I mentioned earlier the impact that this legislation will have on working families. Whether trucks are carrying beef into the markets, soft goods—food items—into the supermarkets in the west, flour to the mills or animals for processing for human consumption, there is going to be an inevitable cost if this bill is passed in its entirety. The inevitable cost on working families will be an increase in the cost of their groceries at the supermarket. Why? Because the freight task—the cost of moving freight across Australia—will rise and that will be passed on to consumers. If it is not passed on to consumers, it will be passed back to the producer. Someone is going to pay. I assert tonight that it will be working families and the trucking sector, as well as the production sector in Australia, which will be impacted on by this legislation.

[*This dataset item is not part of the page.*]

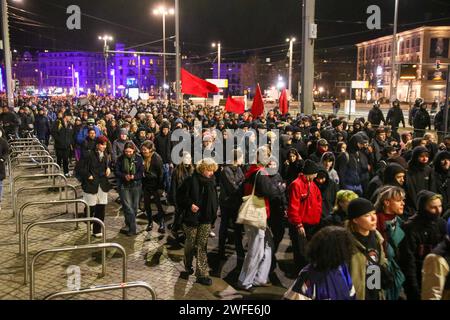 REKORDDATUM NICHT ANGEGEBEN Leipzig - nie wieder ist genau jetzt : Demonstration gegen rechts zieht durch die Stadt 30.01.2024 gegen 19 Uhr Leipzig, Leipziger Stadtring das Bündnis Solidarische Vernetzung Sachsen hat am Dienstagabend zu einer Demonstration gegen Rechts aufgerufen. Um 18 Uhr kamen auf dem Augustusplatz mehrere Tausend Menschen zusammen, um gemeinsam ein Zeichen gegen Hass und Hetze zu setzen. Nach einigen Redebeiträgen hat sich der Aufzug über den Ring in Bewegung gesetzt. Es ging weiter über den Stadtring wieder bis zum Augustusplatz. Die Polizei begleitete den Aufzug mit einem Gro Stockfoto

This legislation is a most appalling grab for money and the most deceitful performance that we have witnessed in modern times by any government in its first 100 days in office. One hundred days into this government and legislation is being introduced into this place that will bring new taxes into play. One of the worst aspects of this legislation is that the registration charge and the fuel tax charge that apply if this bill passes the parliament are going to be automatically indexed every year, and that linkage will be to the cost of building roads in Australia, which is far greater than the annual CPI. When the coalition were in government, we ended automatic indexation of fuel excise in this country, and now we are seeing it reintroduced by a Labor government, without it having told the people of Australia before 24 November. Members on this side of the House could speak on this issue for days and days. We are going to fight this legislation to the end. We are not going to give up.